Gigabyte Brings Value Back With AM2: GA-M55plus-S3G Motherboard Review- Page 5/5
November 15, 2006
By
Thomas Soderstrom
Conclusion
The Gigabyte GA-M55plus-S3G appears to be a well-balanced board for typical office and home use, with enough performance to support a fast card in game systems. In fact, it should please just about anyone looking for a mid-range board to support their low-cost AM2 CPU. But here's the fun part: The GA-M55plus-S3G is not priced as a mid-range board.
An $85 Web price tag puts the well-performing, well-featured GA-M55plus-S3G on the lower shelf -- right next to the bargain bin! It is by far the cheapest board we've seen with an IEEE-1394 FireWire controller, and the least expensive we've tested that includes the full six analog audio connectors for full analog I/O support.

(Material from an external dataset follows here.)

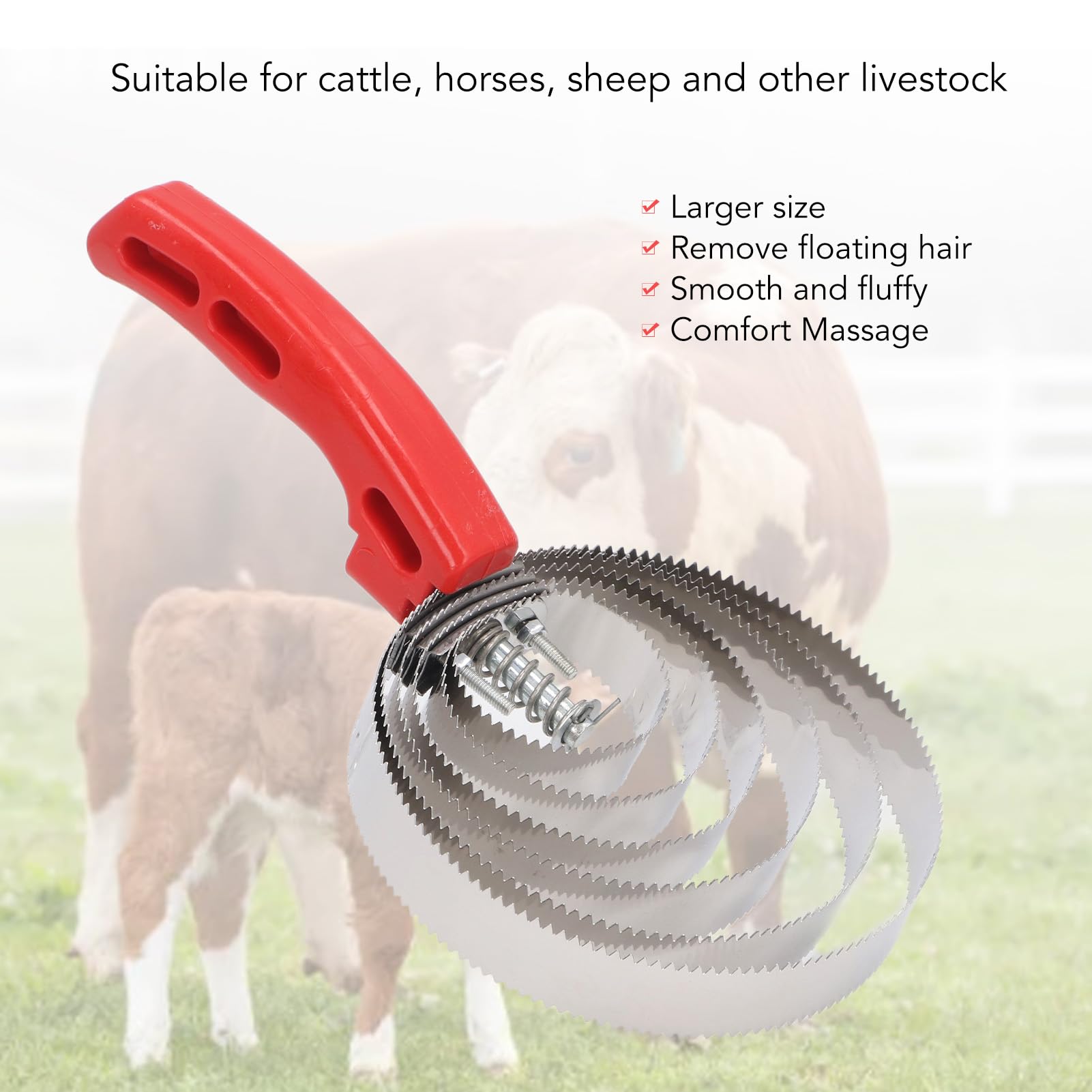Peine de curry para caballos, juego de 3 uds de acero inoxidable para el cuidado de perros, cabras y caballos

By inexpensively selling a board that offers 100 percent of the features that 95 percent of users will ever want, Gigabyte may be creating a problem for itself: How will the company justify prices of its far-more-expensive upper-range parts that are barely better equipped? The GA-M55plus-S3G is actually cheap enough that we can excuse Gigabyte for soldering the BIOS directly to the board and for not including digital audio connectors, as we certainly wouldn't pay the typical 30 percent higher prices (found with competing parts) to get those.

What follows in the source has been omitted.